El plan de inversiones del Gobierno de Navarra contempla una serie de actuaciones en infraestructuras sanitarias, movilidad, industria, innovación y servicios públicos con proyectos que suman 270.987.637 euros y que se ejecutarán como tope hasta 31 de diciembre de 2027.

Para este año, la previsión de gasto son 136 millones. Para 2027, 88,7. El año pasado se gastaron 45 millones.

Para este año, destacan 26 millones para vivienda (promoción y construcción de vivienda de alquiler social/asequible, adquisición de vivienda, la promoción de las viviendas EtxeOn I y II en Arrosadía, Cárcar, Arbizu, Lerín y Sorauren), 21.405.218 para inversiones educativas o 26.587.075 euros para equipar hospitales y centros médicos.

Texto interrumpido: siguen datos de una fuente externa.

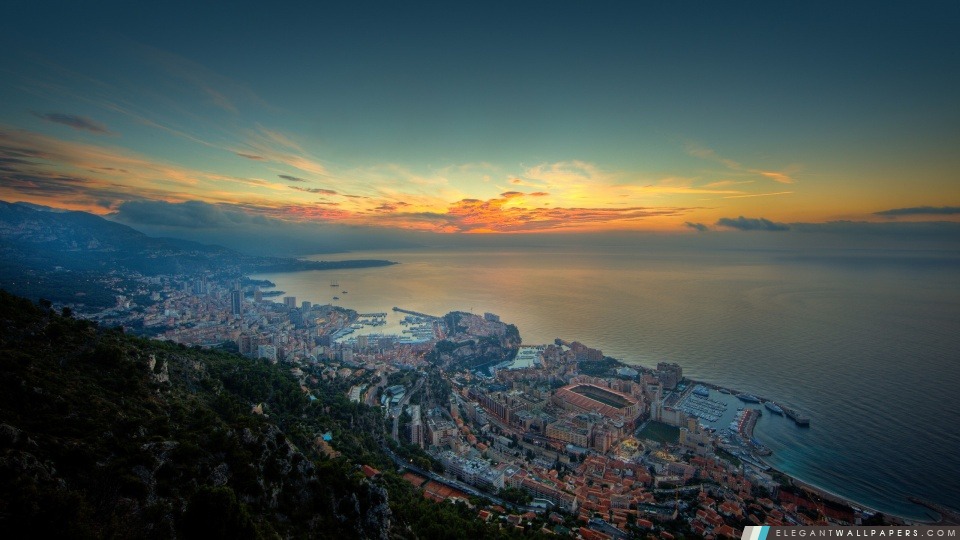Monaco Vue aérienne, Arrière-plans HD à télécharger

Entre las principales partidas destacan los 5.332.854 euros para el paso de fauna de la A-15, los 6.500.000 euros para la variante de Arraitz, los 8.856.888 euros para el Centro Integrado de Oronoz y los 6.907.490 euros para el nuevo centro de salud de Erripagaña.

A estas inversiones se añaden los 5.000.000 euros para la adquisición de suelo para proyectos industriales, los 5.040.000 euros destinados a aplicaciones informáticas, los 1.844.150 euros para vehículos de bomberos y los 1.500.000 euros para equipamiento de laboratorio.

El Ejecutivo ya había avanzado que estos recursos se destinarán “a medio plazo” a nuevas infraestructuras sanitarias y educativas, al impulso de la vivienda pública, a la creación de nuevo suelo industrial, a la innovación tecnológica, a la mejora de la red de carreteras y a la ampliación de la cobertura social, especialmente en el ámbito de las personas mayores.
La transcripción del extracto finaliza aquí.